**Work request**
Please keep to the lines below from the one with "New 2026 Audi SQ8 Prestige image 26" through the one with "Transition patrol carbon x01 hot sale", and restate them word for word, ends included.

Source records
───

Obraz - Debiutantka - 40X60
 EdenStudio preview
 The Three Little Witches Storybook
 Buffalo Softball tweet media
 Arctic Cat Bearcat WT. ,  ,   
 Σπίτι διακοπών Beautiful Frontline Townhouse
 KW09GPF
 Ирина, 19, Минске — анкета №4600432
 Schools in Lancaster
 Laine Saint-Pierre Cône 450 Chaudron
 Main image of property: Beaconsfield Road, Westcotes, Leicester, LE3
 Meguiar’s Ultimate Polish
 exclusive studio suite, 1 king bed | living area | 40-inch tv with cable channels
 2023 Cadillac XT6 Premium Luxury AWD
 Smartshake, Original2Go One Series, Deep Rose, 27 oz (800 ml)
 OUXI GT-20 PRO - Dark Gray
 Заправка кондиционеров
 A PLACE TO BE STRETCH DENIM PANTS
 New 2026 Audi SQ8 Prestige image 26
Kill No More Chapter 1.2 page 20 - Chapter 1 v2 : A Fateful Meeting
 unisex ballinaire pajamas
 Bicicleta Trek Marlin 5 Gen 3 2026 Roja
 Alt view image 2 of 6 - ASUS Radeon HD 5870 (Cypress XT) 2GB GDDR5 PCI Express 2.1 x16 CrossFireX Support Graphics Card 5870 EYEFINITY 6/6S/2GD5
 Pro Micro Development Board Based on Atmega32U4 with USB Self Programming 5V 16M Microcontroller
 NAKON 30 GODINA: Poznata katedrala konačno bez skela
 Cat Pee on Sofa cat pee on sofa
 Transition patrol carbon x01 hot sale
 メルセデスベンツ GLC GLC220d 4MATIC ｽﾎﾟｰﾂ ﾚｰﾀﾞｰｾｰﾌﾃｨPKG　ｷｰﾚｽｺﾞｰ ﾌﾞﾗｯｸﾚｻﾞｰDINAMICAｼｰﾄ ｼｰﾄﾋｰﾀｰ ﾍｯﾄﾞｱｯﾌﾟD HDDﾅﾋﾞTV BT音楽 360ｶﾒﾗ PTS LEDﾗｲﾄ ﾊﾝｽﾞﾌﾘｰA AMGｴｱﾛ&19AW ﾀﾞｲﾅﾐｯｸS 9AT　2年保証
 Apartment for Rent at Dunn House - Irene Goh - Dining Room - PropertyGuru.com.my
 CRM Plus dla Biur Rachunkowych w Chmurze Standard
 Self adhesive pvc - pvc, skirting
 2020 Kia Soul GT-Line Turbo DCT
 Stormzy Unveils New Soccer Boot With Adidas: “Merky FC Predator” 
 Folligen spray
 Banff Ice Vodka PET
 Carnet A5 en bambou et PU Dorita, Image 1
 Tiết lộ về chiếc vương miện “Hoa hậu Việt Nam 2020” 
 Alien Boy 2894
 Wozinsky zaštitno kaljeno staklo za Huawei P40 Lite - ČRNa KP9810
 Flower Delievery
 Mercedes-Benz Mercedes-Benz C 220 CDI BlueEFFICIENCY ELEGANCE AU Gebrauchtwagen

───

**Exercise response**
 New 2026 Audi SQ8 Prestige image 26
Kill No More Chapter 1.2 page 20 - Chapter 1 v2 : A Fateful Meeting
 unisex ballinaire pajamas
 Bicicleta Trek Marlin 5 Gen 3 2026 Roja
 Alt view image 2 of 6 - ASUS Radeon HD 5870 (Cypress XT) 2GB GDDR5 PCI Express 2.1 x16 CrossFireX Support Graphics Card 5870 EYEFINITY 6/6S/2GD5
 Pro Micro Development Board Based on Atmega32U4 with USB Self Programming 5V 16M Microcontroller
 NAKON 30 GODINA: Poznata katedrala konačno bez skela
 Cat Pee on Sofa cat pee on sofa
 Transition patrol carbon x01 hot sale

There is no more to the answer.